在屍體的胸口位置,有一個酒杯大小的血孔,孔洞的四周全是裂紋,使得他的整個人看上去像是一隻龜裂的陶罐。
這道血孔,就是致命傷。
胸口的血洞,散發出金色的光華。
“死去了多年,肉身都沒有腐爛,此人身前必定是一位絕世強者。”雲清禾不禁說道。
陸鳴淵思忖道:“屍身百年不腐,應該是一位修煉武道的武夫。”
據他所知,武夫的肉身比其他任何修士存在的時間都要久,因為金剛至尊骨,乃至竅穴玉化的原因,肉身就跟法寶一樣堅固,可以維持數萬年都沒有變化。

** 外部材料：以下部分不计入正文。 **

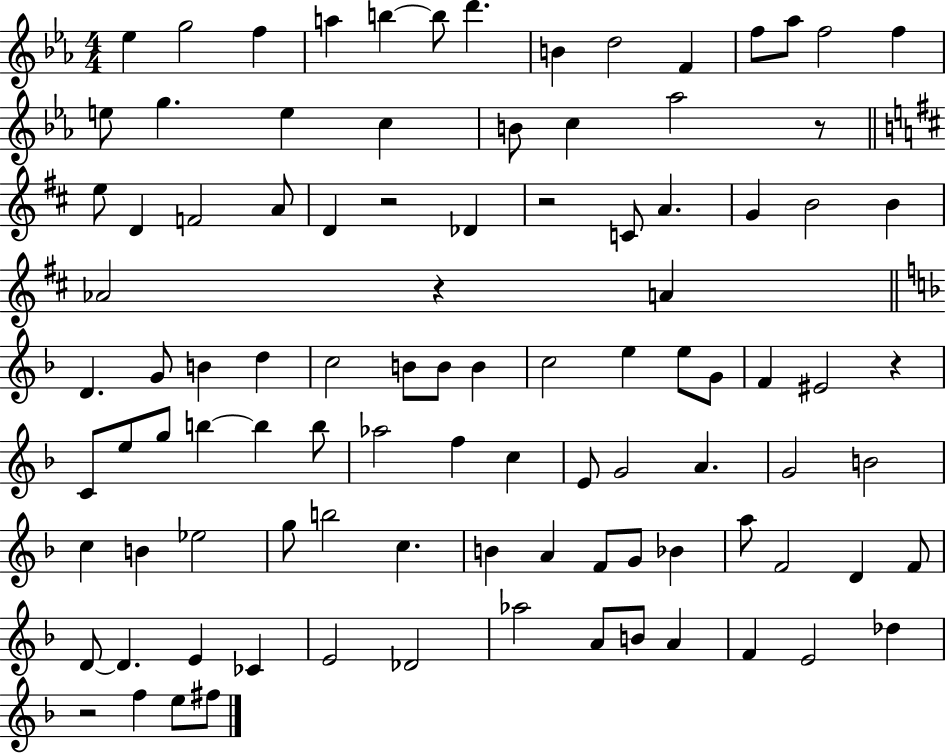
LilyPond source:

{
  \clef treble
  \numericTimeSignature
  \time 4/4
  \key ees \major
  \repeat volta 2 { ees''4 g''2 f''4 | a''4 b''4~~ b''8 d'''4. | b'4 d''2 f'4 | f''8 aes''8 f''2 f''4 | \break e''8 g''4. e''4 c''4 | b'8 c''4 aes''2 r8 | \bar "||" \break \key d \major e''8 d'4 f'2 a'8 | d'4 r2 des'4 | r2 c'8 a'4. | g'4 b'2 b'4 | \break aes'2 r4 a'4 | \bar "||" \break \key f \major d'4. g'8 b'4 d''4 | c''2 b'8 b'8 b'4 | c''2 e''4 e''8 g'8 | f'4 eis'2 r4 | \break c'8 e''8 g''8 b''4~~ b''4 b''8 | aes''2 f''4 c''4 | e'8 g'2 a'4. | g'2 b'2 | \break c''4 b'4 ees''2 | g''8 b''2 c''4. | b'4 a'4 f'8 g'8 bes'4 | a''8 f'2 d'4 f'8 | \break d'8~~ d'4. e'4 ces'4 | e'2 des'2 | aes''2 a'8 b'8 a'4 | f'4 e'2 des''4 | \break r2 f''4 e''8 fis''8 | } \bar "|."
} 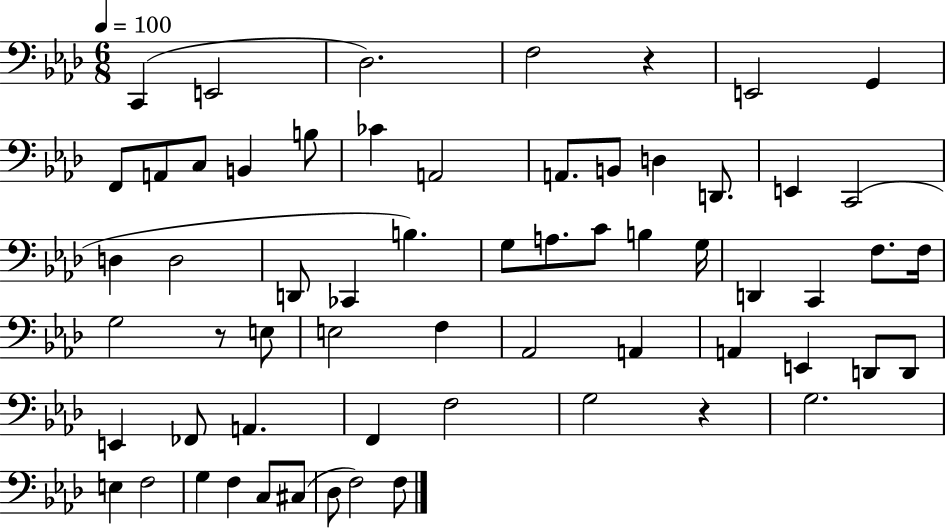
{
  \clef bass
  \numericTimeSignature
  \time 6/8
  \key aes \major
  \tempo 4 = 100
  \repeat volta 2 { c,4( e,2 | des2.) | f2 r4 | e,2 g,4 | \break f,8 a,8 c8 b,4 b8 | ces'4 a,2 | a,8. b,8 d4 d,8. | e,4 c,2( | \break d4 d2 | d,8 ces,4 b4.) | g8 a8. c'8 b4 g16 | d,4 c,4 f8. f16 | \break g2 r8 e8 | e2 f4 | aes,2 a,4 | a,4 e,4 d,8 d,8 | \break e,4 fes,8 a,4. | f,4 f2 | g2 r4 | g2. | \break e4 f2 | g4 f4 c8 cis8( | des8 f2) f8 | } \bar "|."
} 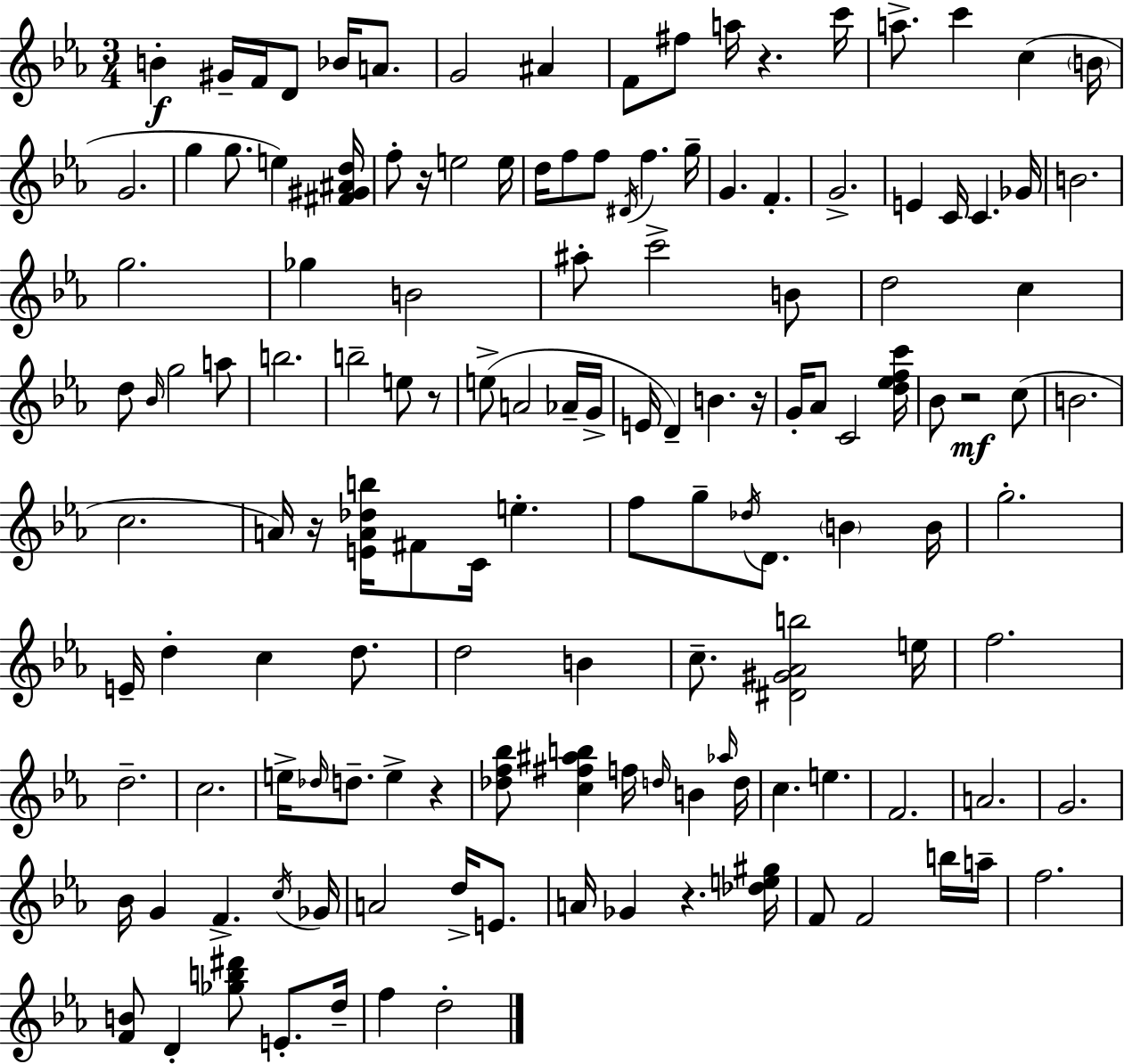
{
  \clef treble
  \numericTimeSignature
  \time 3/4
  \key ees \major
  b'4-.\f gis'16-- f'16 d'8 bes'16 a'8. | g'2 ais'4 | f'8 fis''8 a''16 r4. c'''16 | a''8.-> c'''4 c''4( \parenthesize b'16 | \break g'2. | g''4 g''8. e''4) <fis' gis' ais' d''>16 | f''8-. r16 e''2 e''16 | d''16 f''8 f''8 \acciaccatura { dis'16 } f''4. | \break g''16-- g'4. f'4.-. | g'2.-> | e'4 c'16 c'4. | ges'16 b'2. | \break g''2. | ges''4 b'2 | ais''8-. c'''2-> b'8 | d''2 c''4 | \break d''8 \grace { bes'16 } g''2 | a''8 b''2. | b''2-- e''8 | r8 e''8->( a'2 | \break aes'16-- g'16-> e'16 d'4--) b'4. | r16 g'16-. aes'8 c'2 | <d'' ees'' f'' c'''>16 bes'8 r2\mf | c''8( b'2. | \break c''2. | a'16) r16 <e' a' des'' b''>16 fis'8 c'16 e''4.-. | f''8 g''8-- \acciaccatura { des''16 } d'8. \parenthesize b'4 | b'16 g''2.-. | \break e'16-- d''4-. c''4 | d''8. d''2 b'4 | c''8.-- <dis' gis' aes' b''>2 | e''16 f''2. | \break d''2.-- | c''2. | e''16-> \grace { des''16 } d''8.-- e''4-> | r4 <des'' f'' bes''>8 <c'' fis'' ais'' b''>4 f''16 \grace { d''16 } | \break b'4 \grace { aes''16 } d''16 c''4. | e''4. f'2. | a'2. | g'2. | \break bes'16 g'4 f'4.-> | \acciaccatura { c''16 } ges'16 a'2 | d''16-> e'8. a'16 ges'4 | r4. <des'' e'' gis''>16 f'8 f'2 | \break b''16 a''16-- f''2. | <f' b'>8 d'4-. | <ges'' b'' dis'''>8 e'8.-. d''16-- f''4 d''2-. | \bar "|."
} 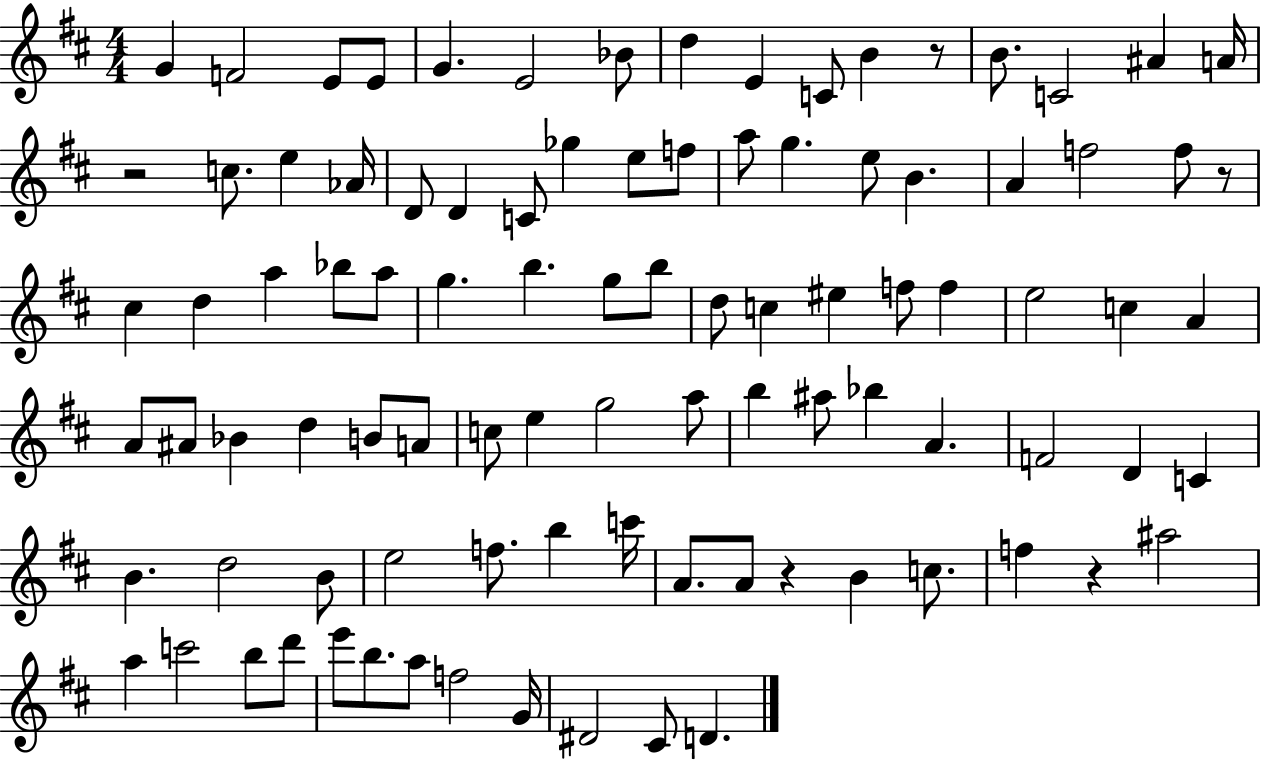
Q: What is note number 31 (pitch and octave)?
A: F5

“如果他真的是絕世強者,即便死去,屍體也應該會散出震懾人心的氣息,一般的生靈根本無法靠近。可是,我在船艙裡面待了這麽久,卻什麽氣息都沒有察覺到。”
陸鳴淵的手指托著下巴,感覺到疑惑,隨後,雙眼一亮,道:“他的身上,應該是有某種掩蓋氣息的寶物。”
在歸墟寂海這樣的地方,陸鳴淵也不敢亂來,先是釋放出元識探查了一遍,確認沒有危險,才走到屍體的身邊。
他發現屍體的腰部有一枚令牌。
最先將令牌取下來,抹去表面的灰塵。
只見,令牌上面無比精巧,刻有“青雲聖王”四個小篆字體,然後散發出無以倫比的道蘊。
陸鳴淵僅僅只是看一眼,就觸發了某種機關,出現了數道劍氣,遁入他的腦海,在不停的施展劍法。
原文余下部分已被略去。